Image-caption web data
Content starts

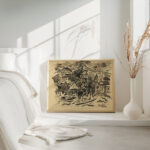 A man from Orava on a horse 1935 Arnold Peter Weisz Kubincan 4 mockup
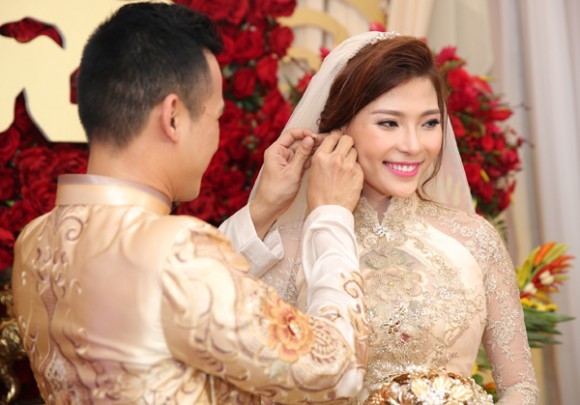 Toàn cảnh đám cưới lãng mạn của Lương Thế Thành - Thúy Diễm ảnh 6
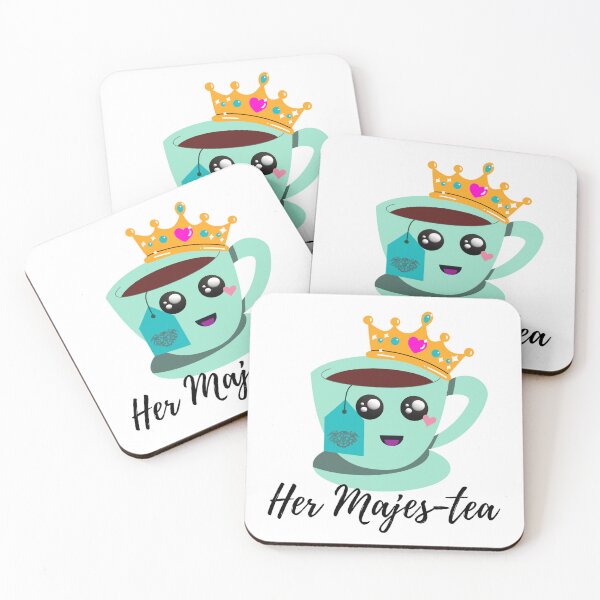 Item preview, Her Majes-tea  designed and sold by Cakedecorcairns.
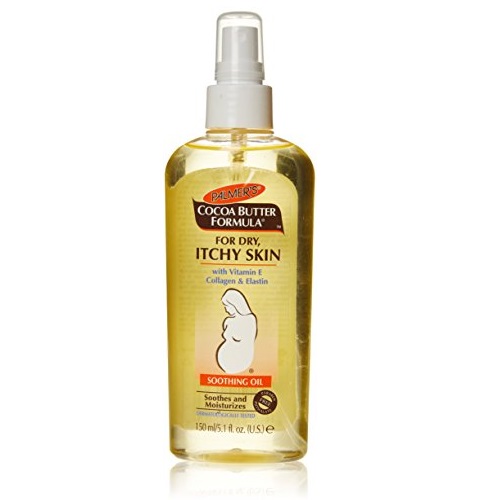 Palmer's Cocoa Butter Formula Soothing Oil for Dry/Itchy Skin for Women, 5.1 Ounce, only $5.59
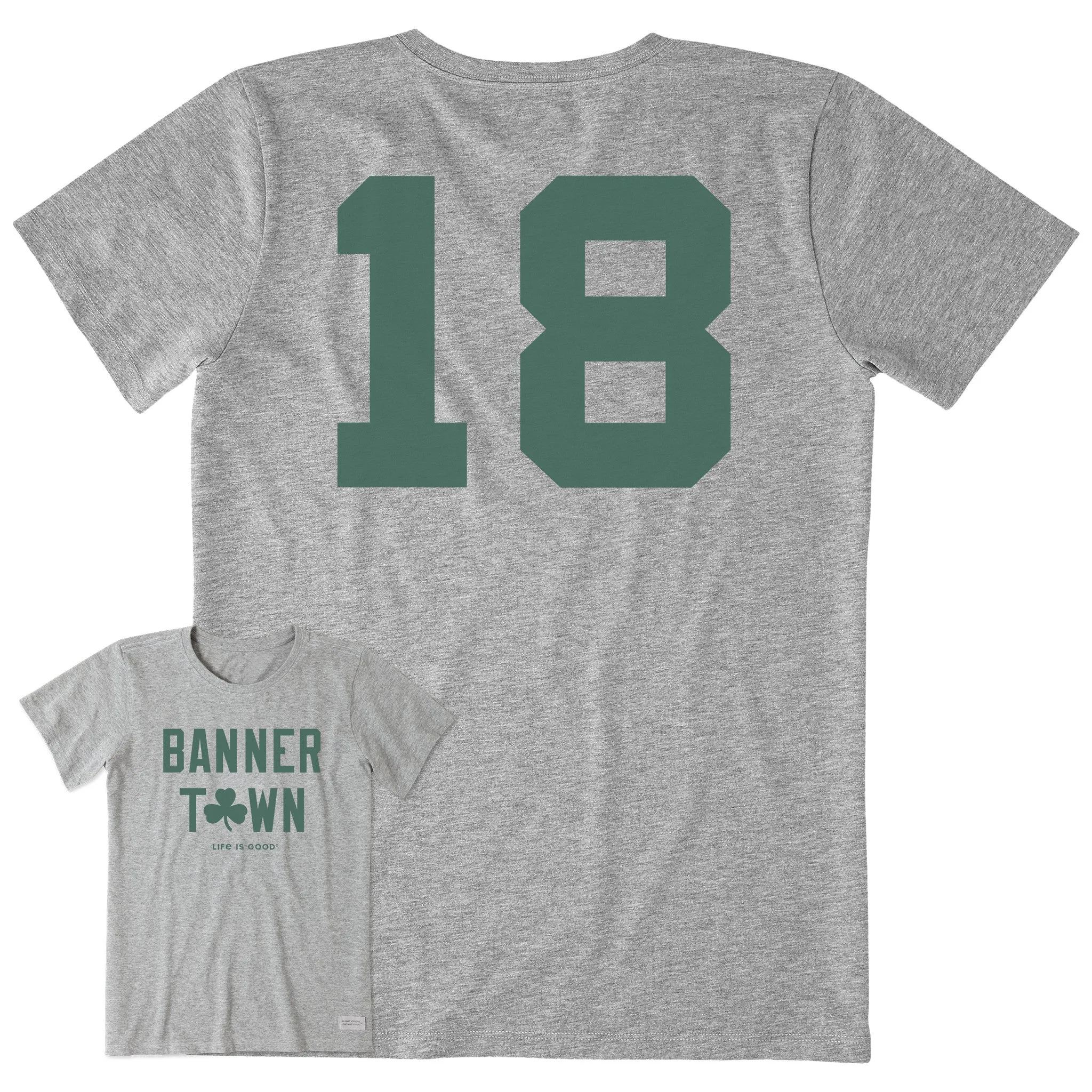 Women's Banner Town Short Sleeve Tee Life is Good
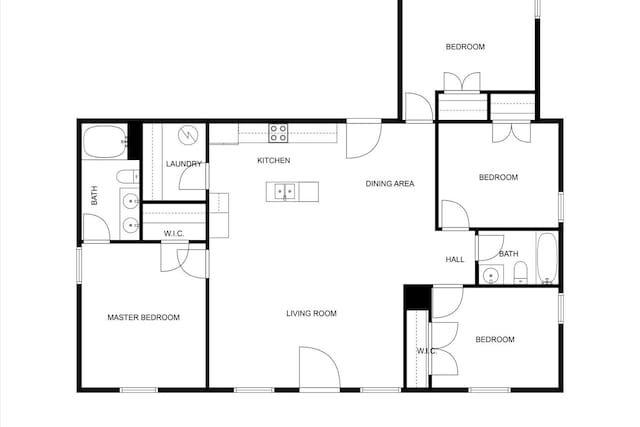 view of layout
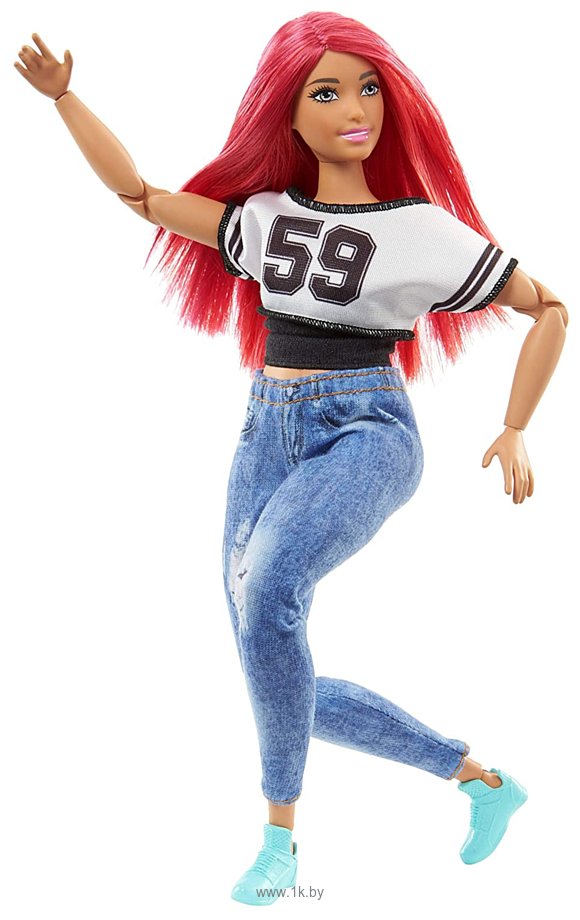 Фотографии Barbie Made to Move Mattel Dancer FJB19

Content ends
Content starts

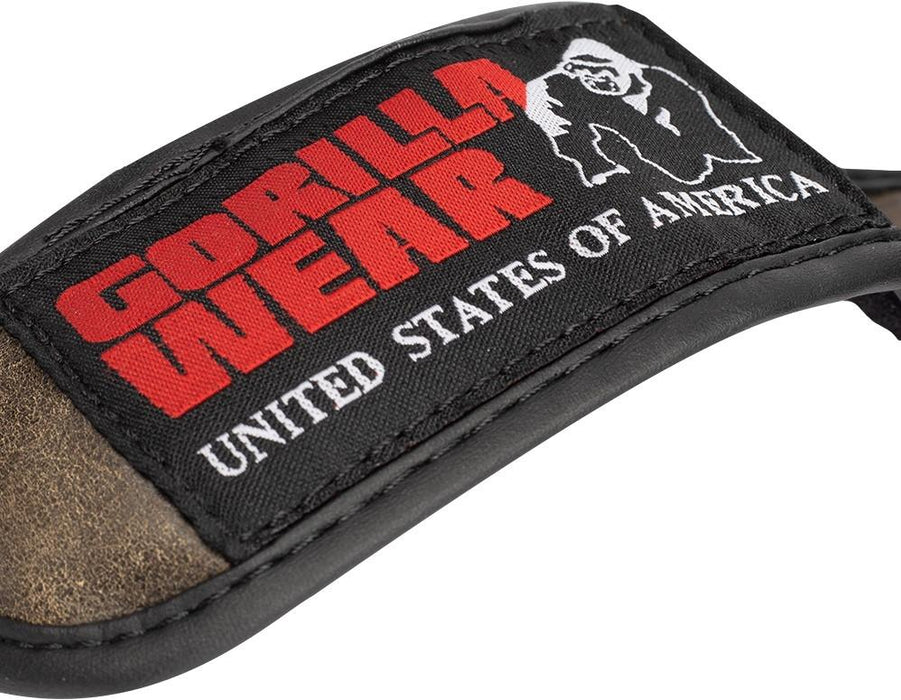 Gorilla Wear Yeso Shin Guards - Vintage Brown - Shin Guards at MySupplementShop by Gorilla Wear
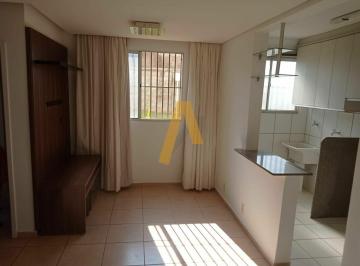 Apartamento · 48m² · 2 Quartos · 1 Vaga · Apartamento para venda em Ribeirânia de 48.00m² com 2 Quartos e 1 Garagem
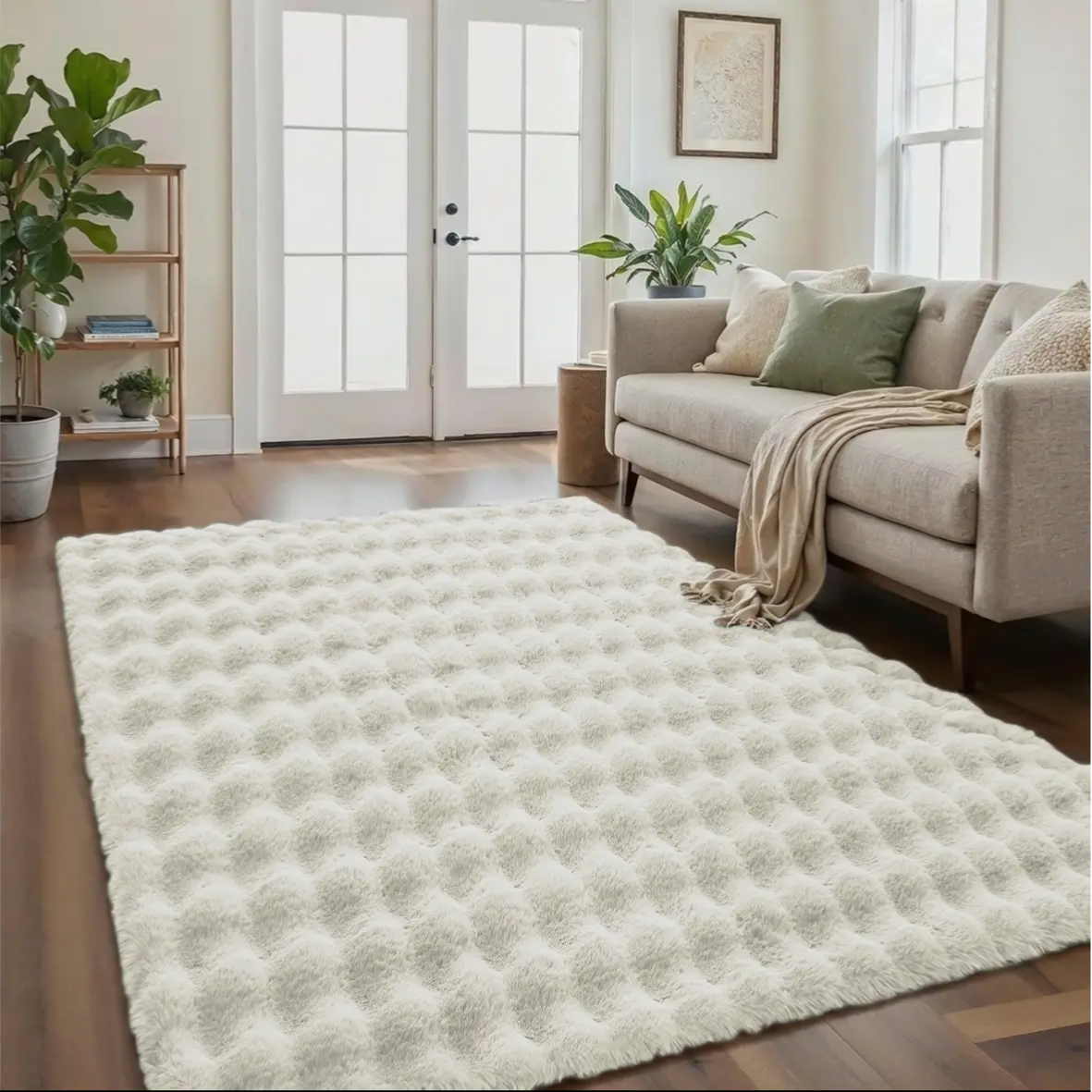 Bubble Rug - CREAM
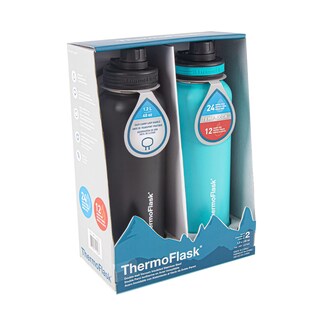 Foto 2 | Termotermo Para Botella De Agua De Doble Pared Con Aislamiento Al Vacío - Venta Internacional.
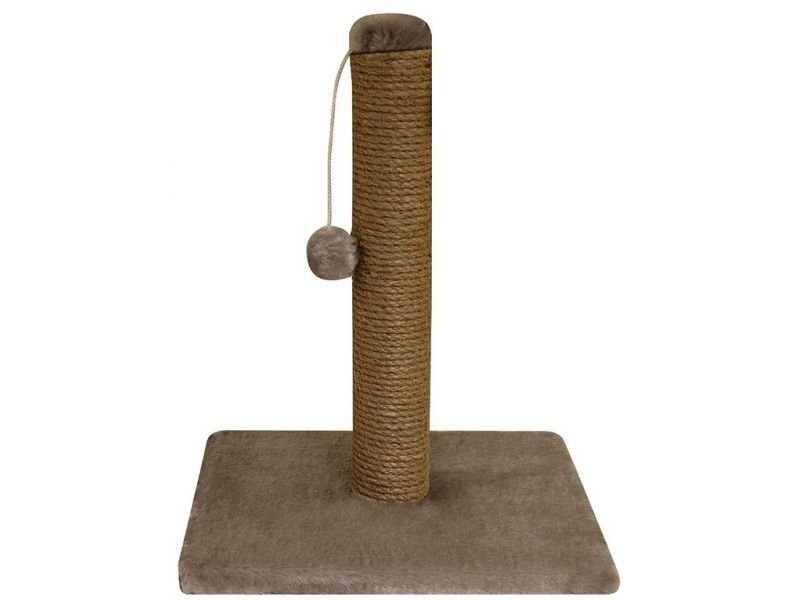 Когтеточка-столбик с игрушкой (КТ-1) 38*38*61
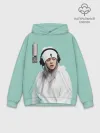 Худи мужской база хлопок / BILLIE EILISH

Content ends
Content starts

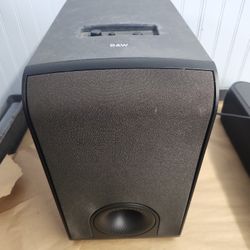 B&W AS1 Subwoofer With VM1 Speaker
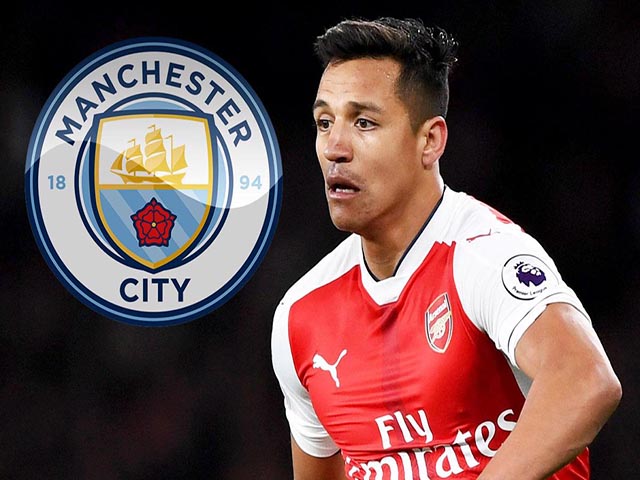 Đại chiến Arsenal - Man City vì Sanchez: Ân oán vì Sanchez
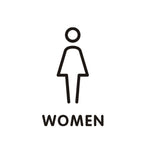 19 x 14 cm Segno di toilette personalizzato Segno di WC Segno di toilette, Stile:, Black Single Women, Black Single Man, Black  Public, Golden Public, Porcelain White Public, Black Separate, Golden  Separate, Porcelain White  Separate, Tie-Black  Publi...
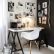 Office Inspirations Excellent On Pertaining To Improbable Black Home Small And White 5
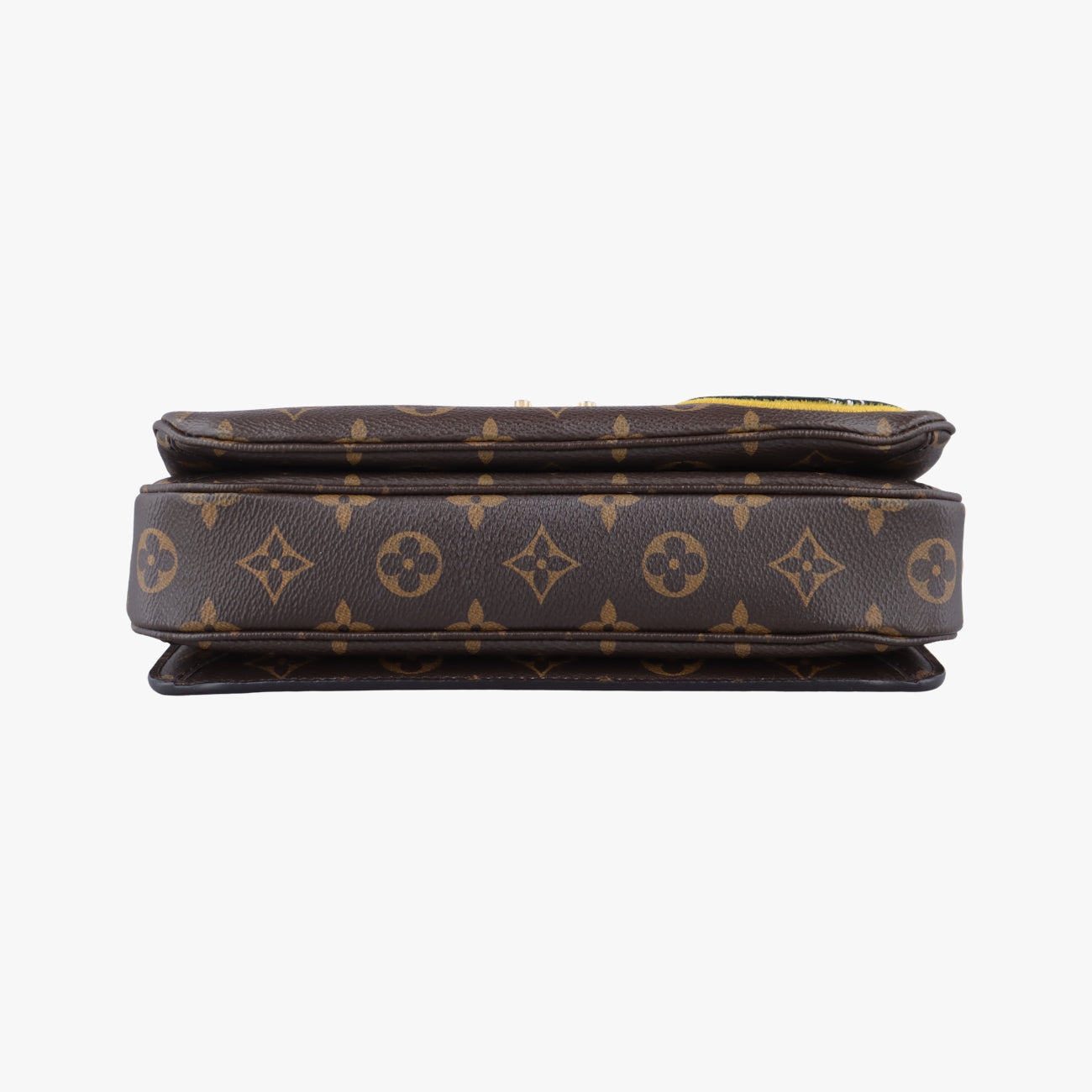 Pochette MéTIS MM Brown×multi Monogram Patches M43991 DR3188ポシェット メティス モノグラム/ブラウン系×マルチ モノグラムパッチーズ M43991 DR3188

Content ends

> **Work instructions**:
Repeat exactly, and only, the entries from the line with "Women's Banner Town" through the line with "Фотографии Barbie Made". Pictures are skipped.

> **Solution to the problem**:
 Women's Banner Town Short Sleeve Tee Life is Good
 view of layout
 Фотографии Barbie Made to Move Mattel Dancer FJB19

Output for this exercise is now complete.